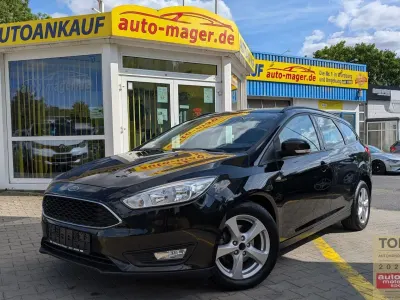 Gebraucht Ford Focus 120 PS (88 kW) 2015 Schwarz Limousine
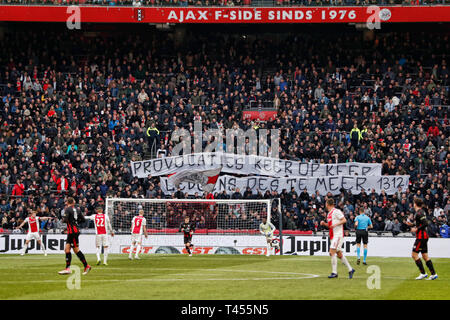 AMSTERDAM, Fußball, 13-04-2019, Saison 2018 / 2019, Stadion Johan Cruyffarena. Niederländischen Eredivisie Fußball. Ajax fans protestieren gegen Amsterdamer Bürgermeister Femke Halsema während des Spiels Ajax-Excelsior 6-2. Stockfoto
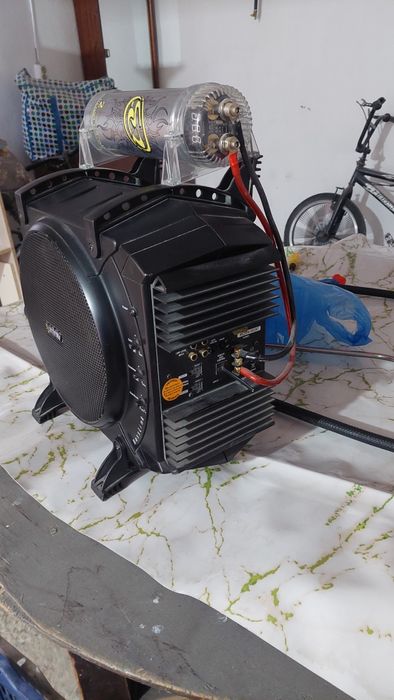 Продам усилитель саббуфер INFINITY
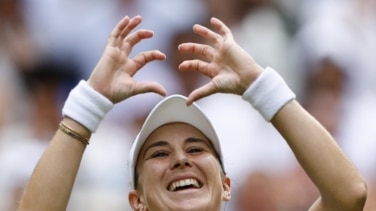 Belinda Bencic derrotó a Mirra Andreeva en dos sets muy igualados, ambos decididos en tie-breaks (7-6(3), 7-6(2)) y avanza a semifinales en Wimbledon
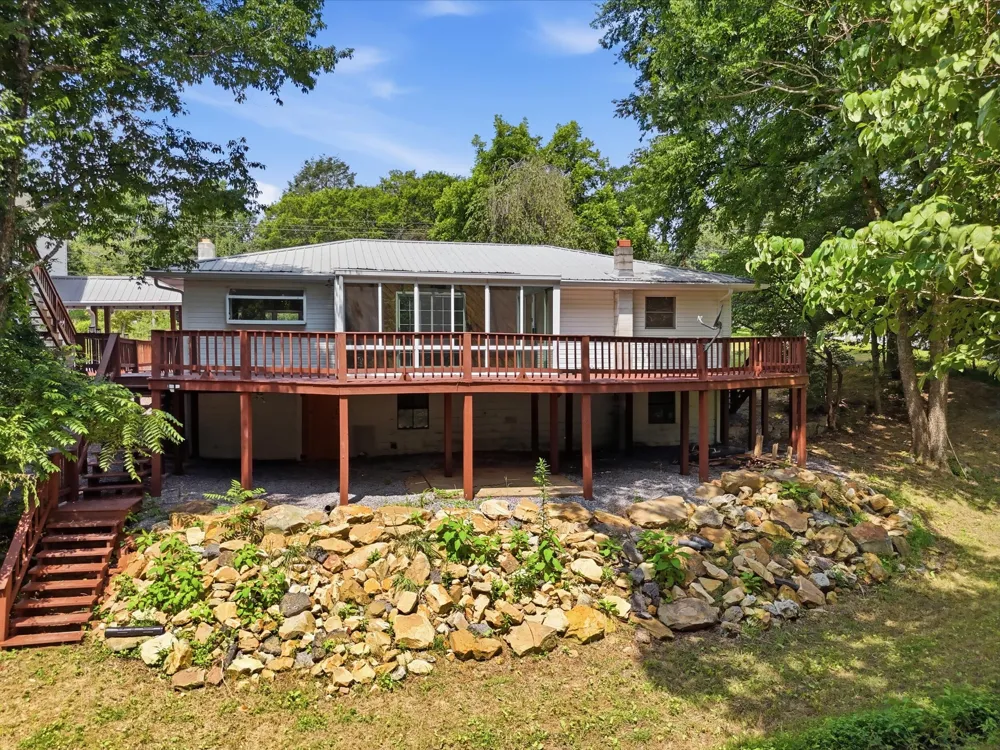 1573 Georgia 157 Lookout Mountain, GA 30750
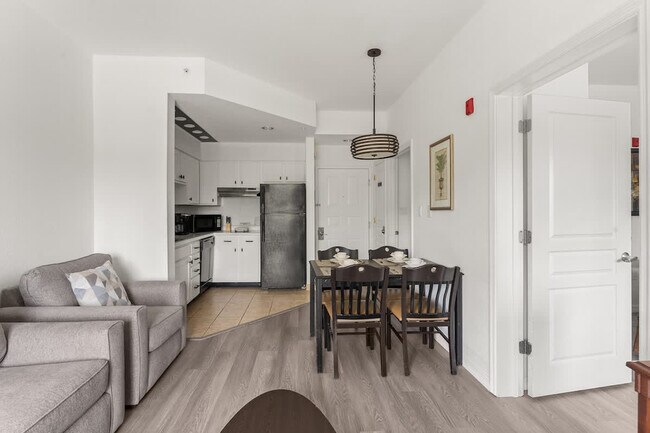 Foto del edificio - 8303 Palm Pkwy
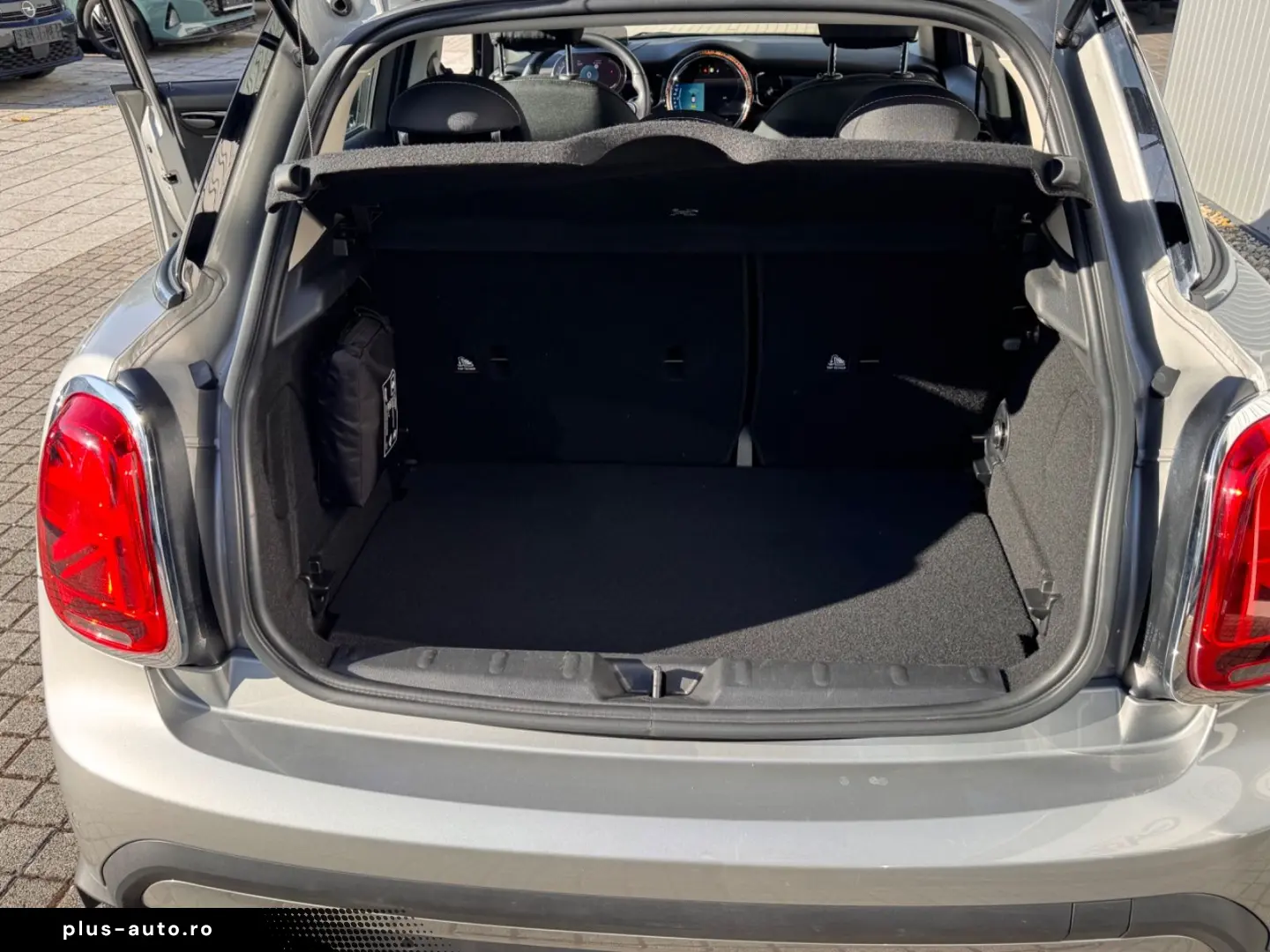 MINI COOPER Mini 5-trg. Cooper Essential Trim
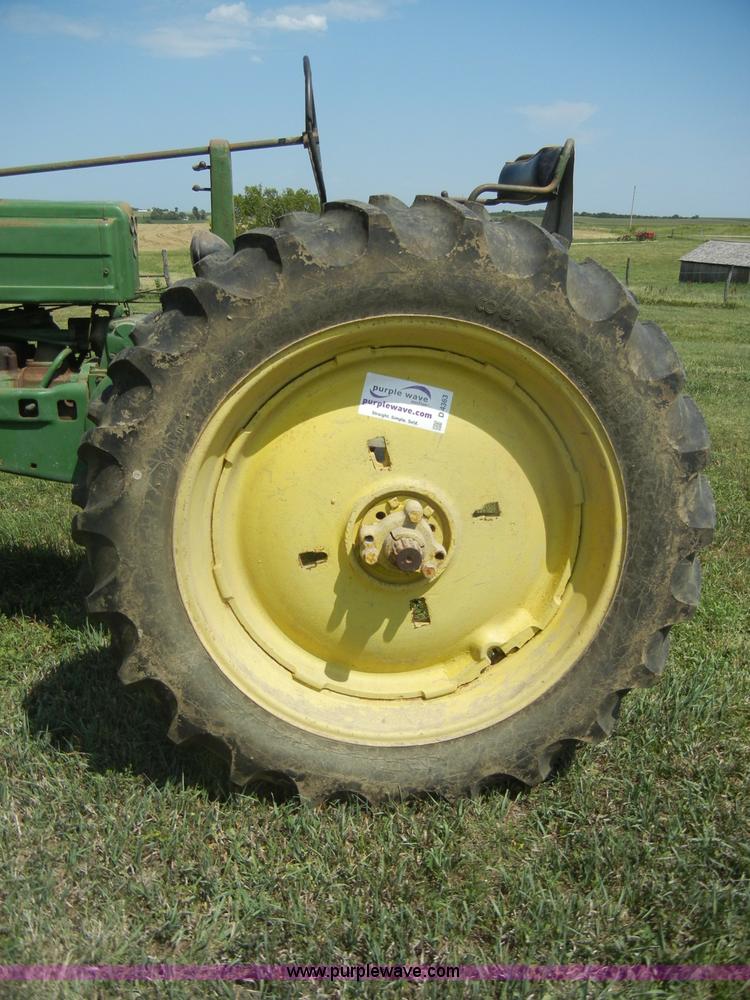 image for item D4363 1950 John Deere B tractor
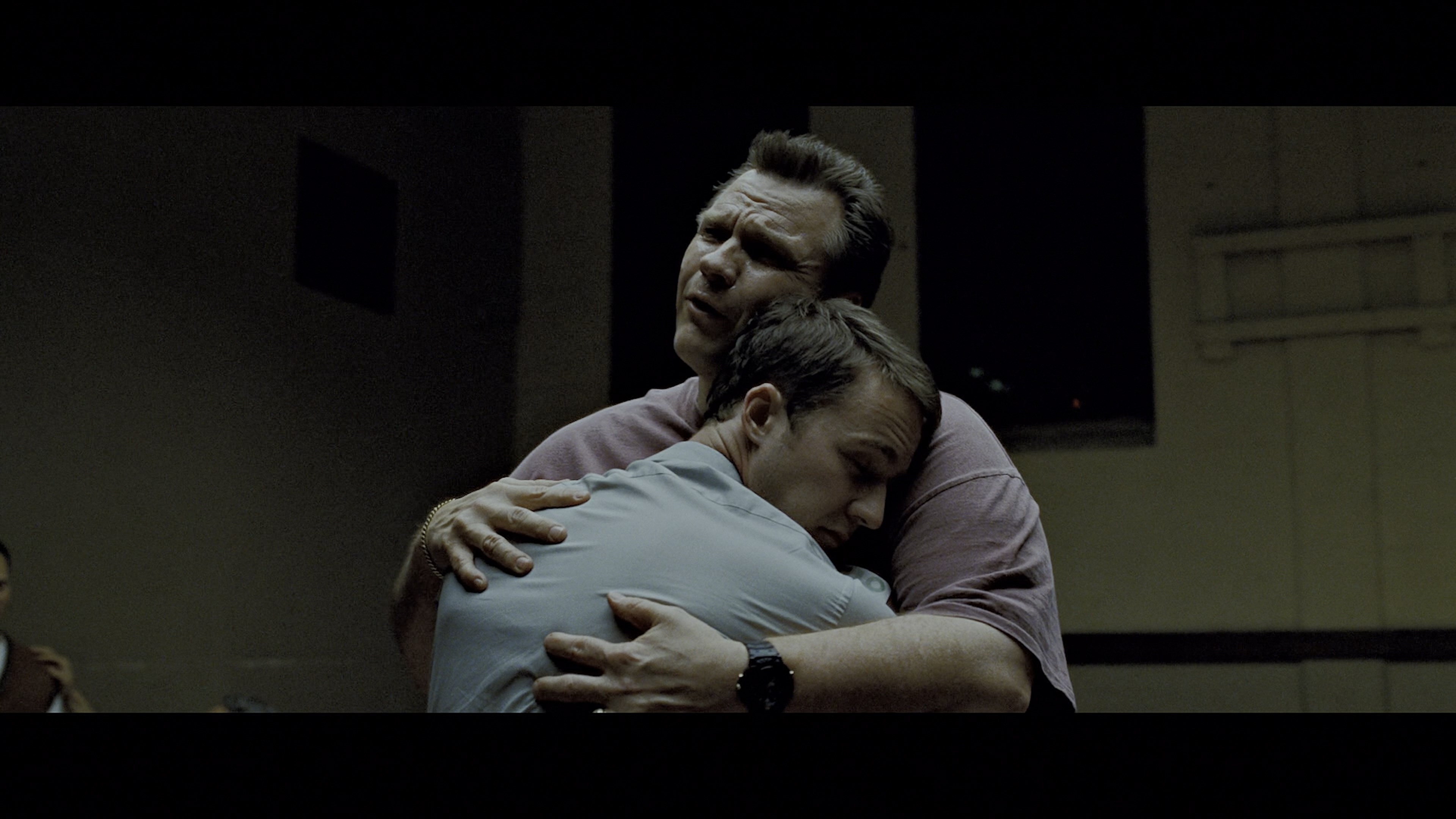 Бойцовский клуб.1999.UHD.BDRemux.2160p.mkv_snapshot_00.03.40.220.jpg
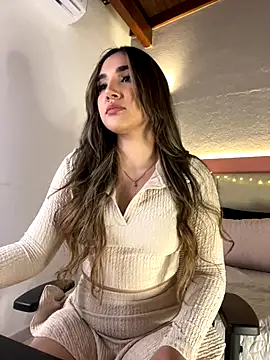 Snapshot of AniiRose chatting on October 2025 01:06:01 AM AniiRose online show from October 2025 01:06:01 AM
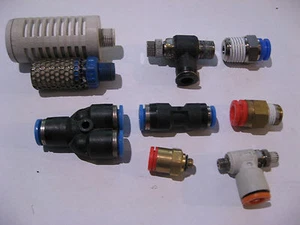 Wundertüte Konvolut 9 verschiedene Miniatur-Luftarmaturen - GEBRAUCHT  - Bild 1 von 4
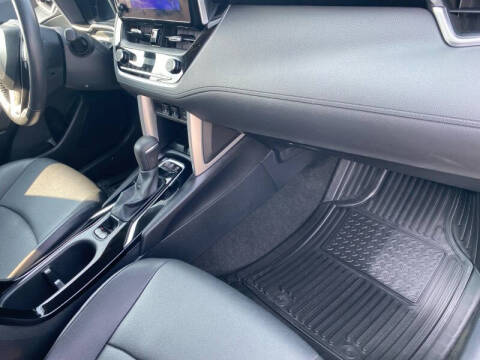 2024 Toyota Corolla Cross XLE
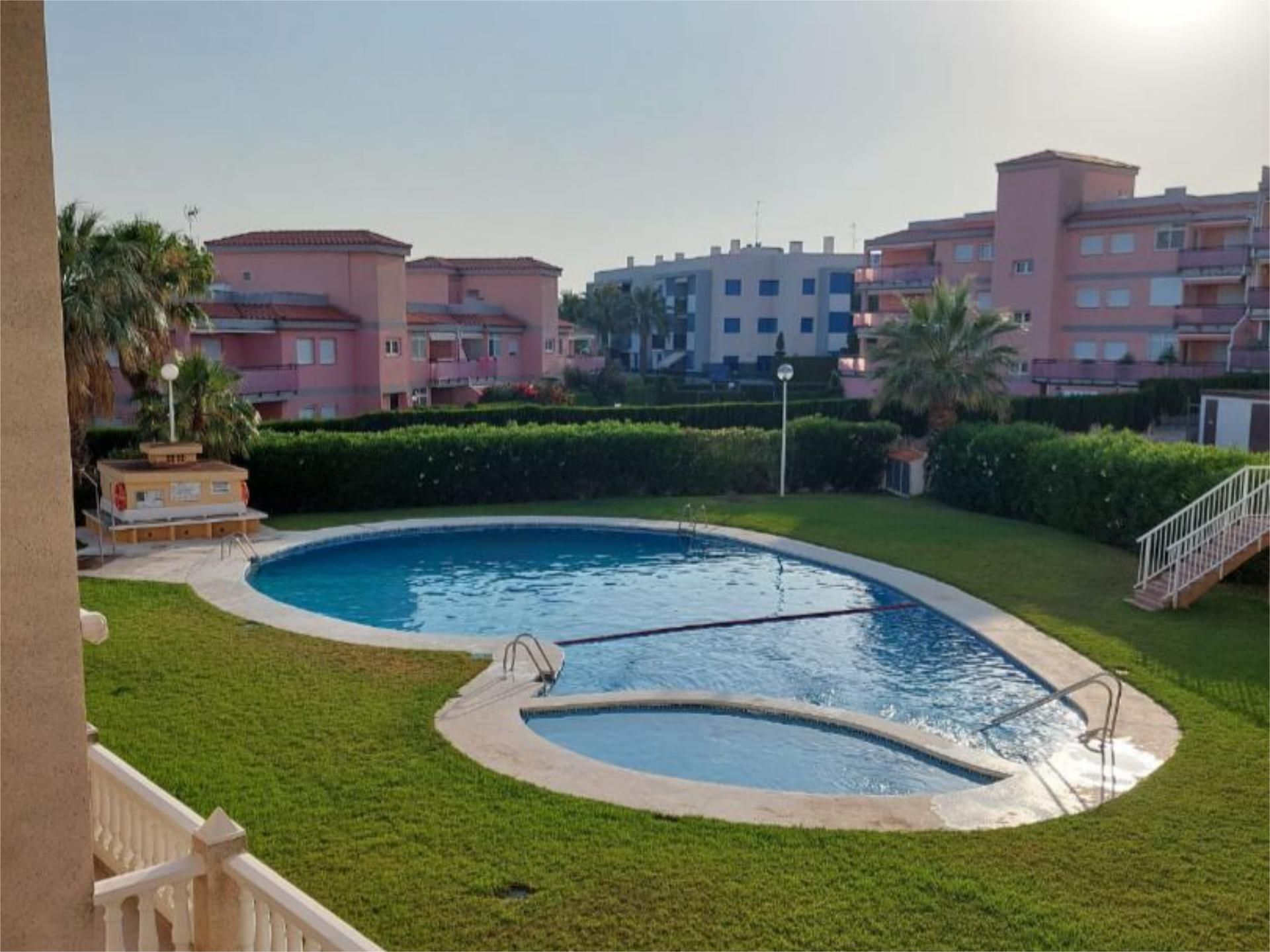 Piscina de Apartament de lloguer en Alcalà de Xivert amb Aire condicionat, Calefacció i Jardí privat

+---+

INSTRUCTIONS TO FOLLOW - The answer must consist solely of the lines from the one with "Foto del edificio - 8303 Palm Pkwy" through the final line of the data, each reproduced exactly and with pictures omitted.

REPLY -
 Foto del edificio - 8303 Palm Pkwy
 MINI COOPER Mini 5-trg. Cooper Essential Trim
 image for item D4363 1950 John Deere B tractor
 Бойцовский клуб.1999.UHD.BDRemux.2160p.mkv_snapshot_00.03.40.220.jpg
 Snapshot of AniiRose chatting on October 2025 01:06:01 AM AniiRose online show from October 2025 01:06:01 AM
 Wundertüte Konvolut 9 verschiedene Miniatur-Luftarmaturen - GEBRAUCHT  - Bild 1 von 4
 2024 Toyota Corolla Cross XLE
 Piscina de Apartament de lloguer en Alcalà de Xivert amb Aire condicionat, Calefacció i Jardí privat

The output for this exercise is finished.